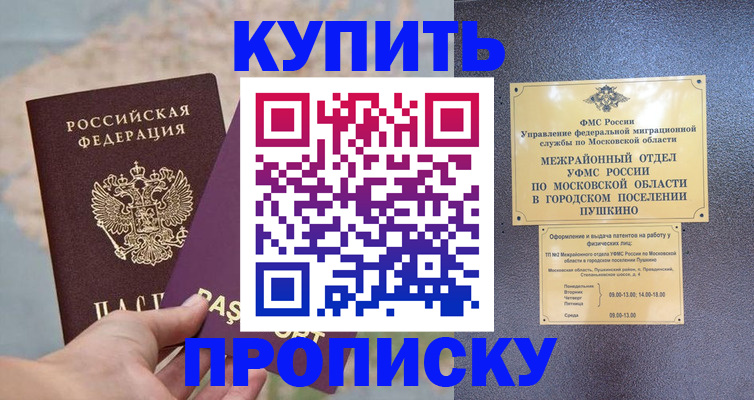 временная регистрация в Ворсме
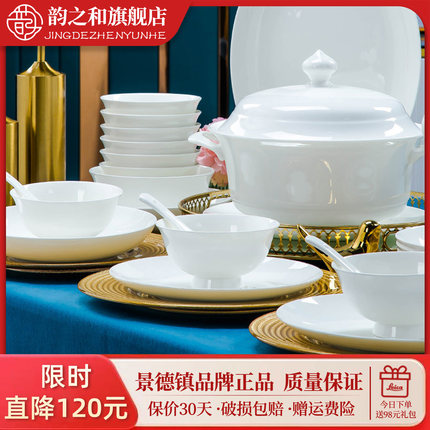 高温釉下彩纯白2025碗碟套装家用轻奢餐具景德镇碗盘筷乔迁陶瓷器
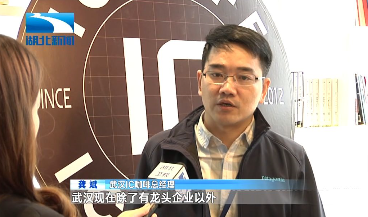 集成电路领军企业家聚汉,光谷诚邀共建“中国芯”产业生态 集成电路领军企业家聚汉,光谷诚邀共建“中国芯”产业生态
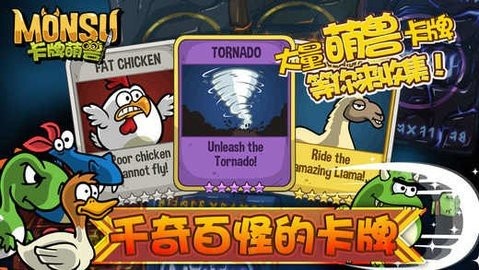 卡牌萌兽手游图2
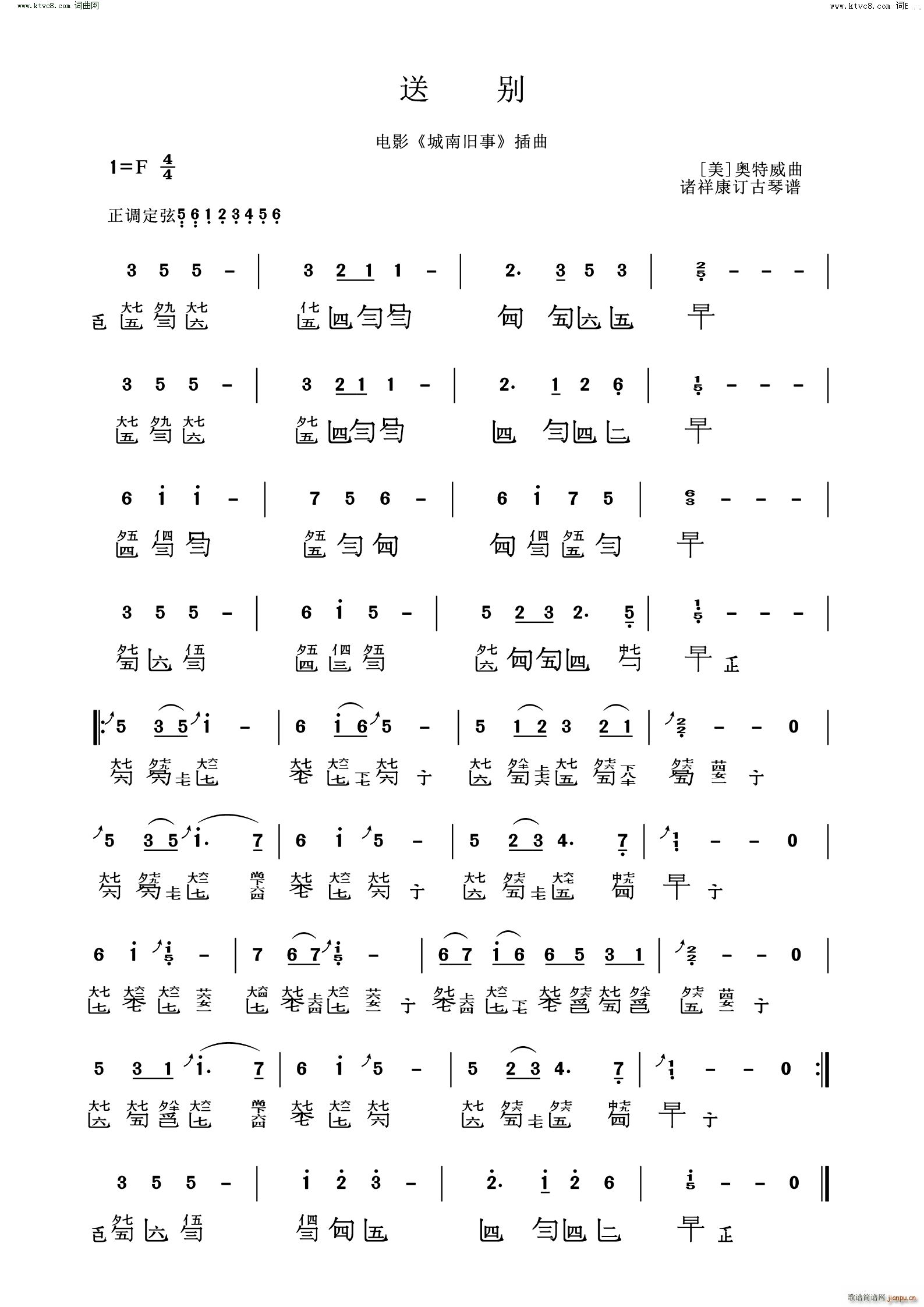 送别减字谱(五字歌谱)1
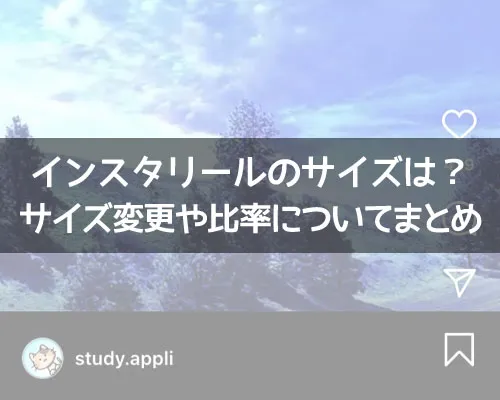 インスタリールのサイズは？サイズ変更や比率についてもまとめました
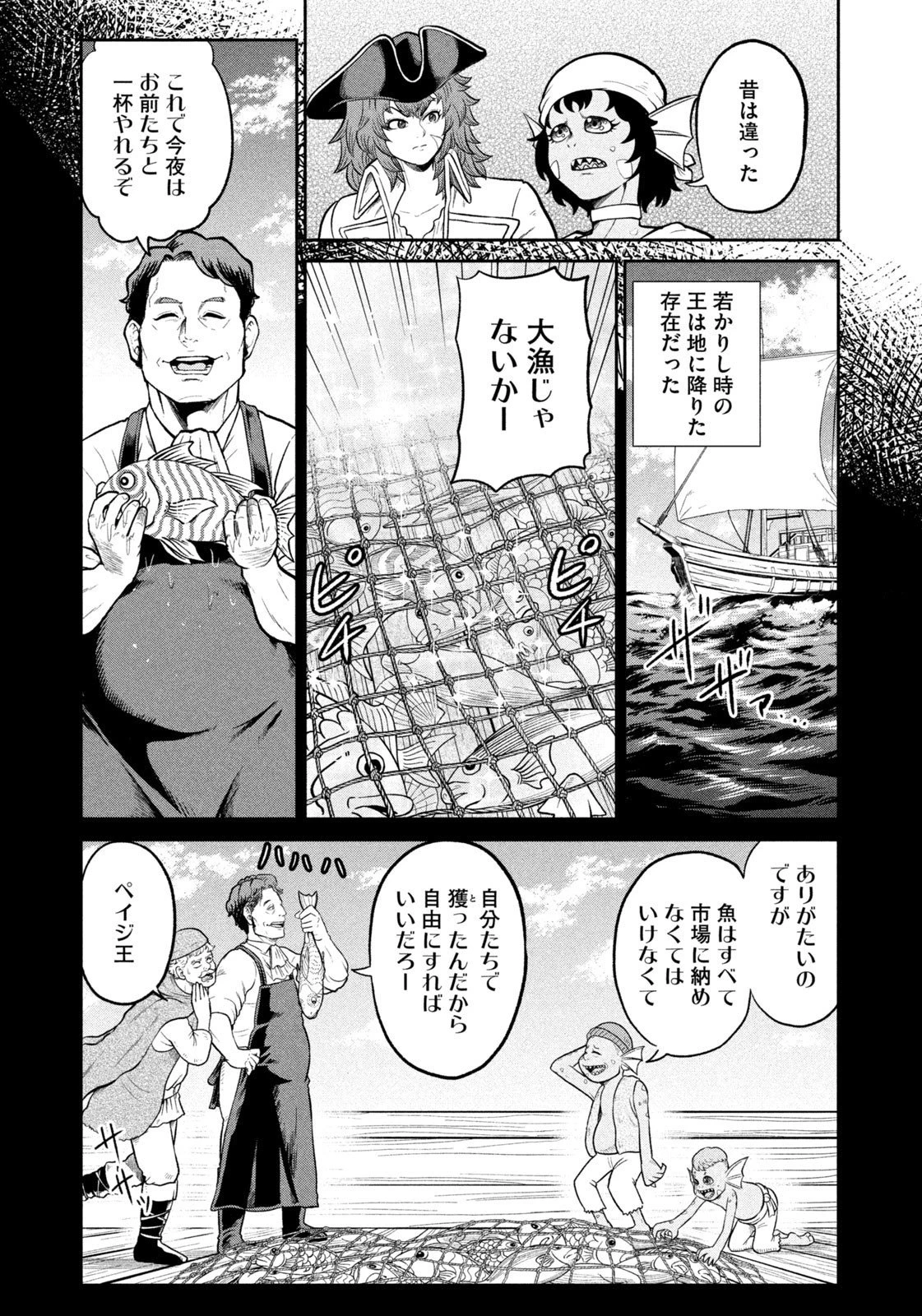異世界町工場無双　～信頼と実績の異世界征服～ 第51話 - 5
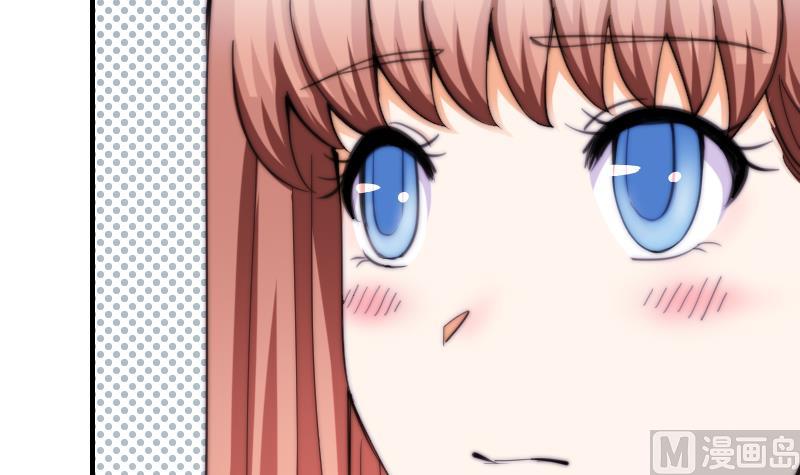 《鱼生请多指教》第54话 撞期 第10页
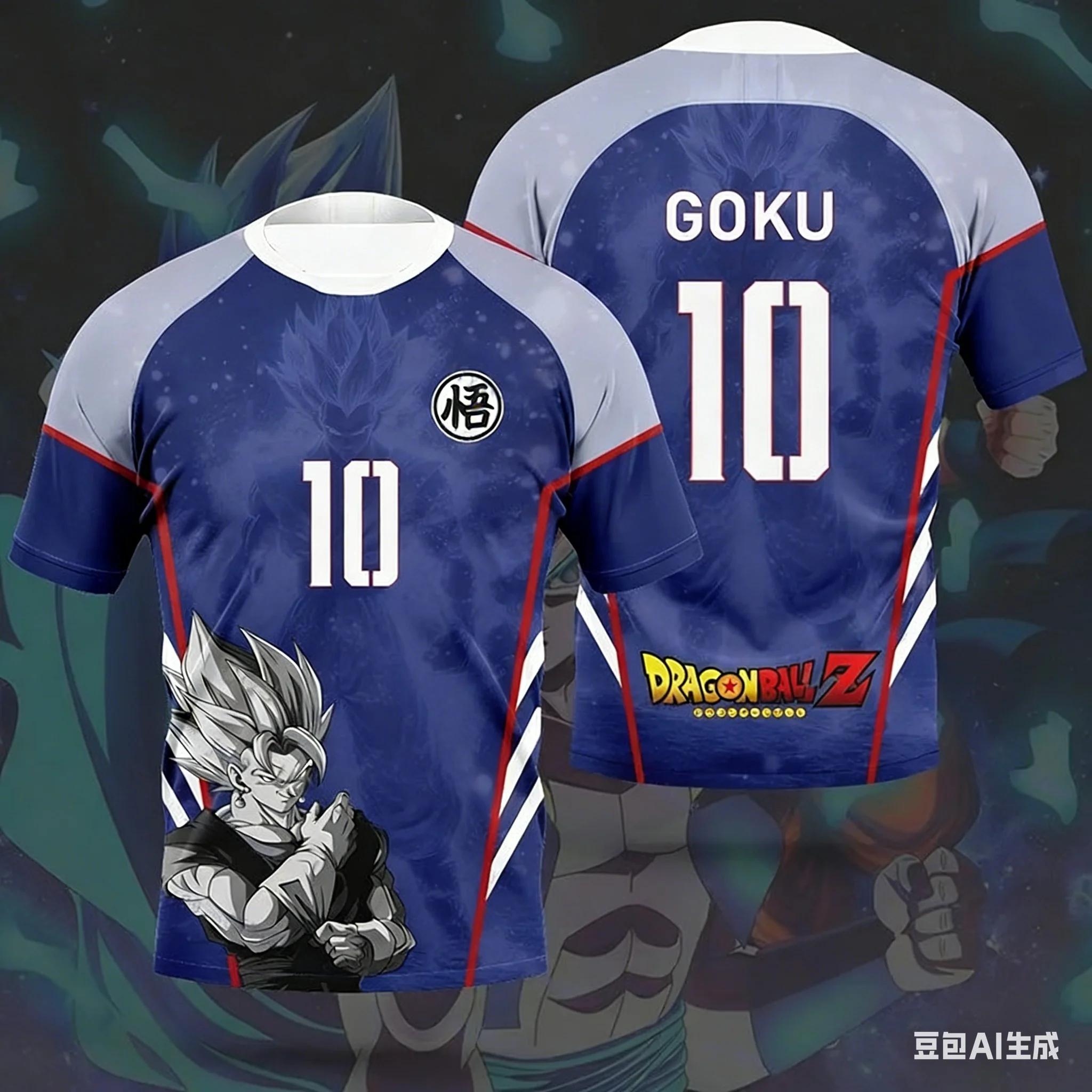 FamilyMatching 2026 New Bandai Japanese Anime Dragon Ball Z Super Saiyan Goku Jersey Streetwear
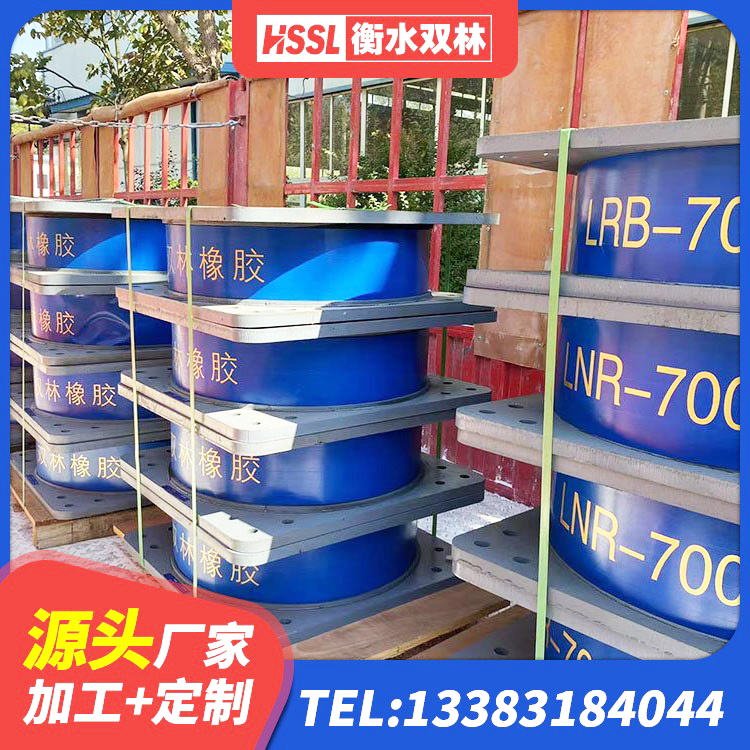 岚皋县铅芯减震支座 岚皋县建筑隔震层橡胶隔震支座生产厂家 岚皋县建筑高性能橡胶隔震支座源头工厂 岚皋县隔震支座加工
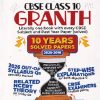 CBSE CLASS 10TH GRANTH 10 YEARS SOLVED PAPERS | PREM SHARMA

::::::

WORK INSTRUCTION: Without the pictures, give back every record precisely as shown.

RESPONSE:
 временная регистрация в Ворсме
 高温釉下彩纯白2025碗碟套装家用轻奢餐具景德镇碗盘筷乔迁陶瓷器
 集成电路领军企业家聚汉,光谷诚邀共建“中国芯”产业生态 集成电路领军企业家聚汉,光谷诚邀共建“中国芯”产业生态
 卡牌萌兽手游图2
 送别减字谱(五字歌谱)1
 インスタリールのサイズは？サイズ変更や比率についてもまとめました
異世界町工場無双　～信頼と実績の異世界征服～ 第51話 - 5
 《鱼生请多指教》第54话 撞期 第10页
 FamilyMatching 2026 New Bandai Japanese Anime Dragon Ball Z Super Saiyan Goku Jersey Streetwear
 岚皋县铅芯减震支座 岚皋县建筑隔震层橡胶隔震支座生产厂家 岚皋县建筑高性能橡胶隔震支座源头工厂 岚皋县隔震支座加工
 CBSE CLASS 10TH GRANTH 10 YEARS SOLVED PAPERS | PREM SHARMA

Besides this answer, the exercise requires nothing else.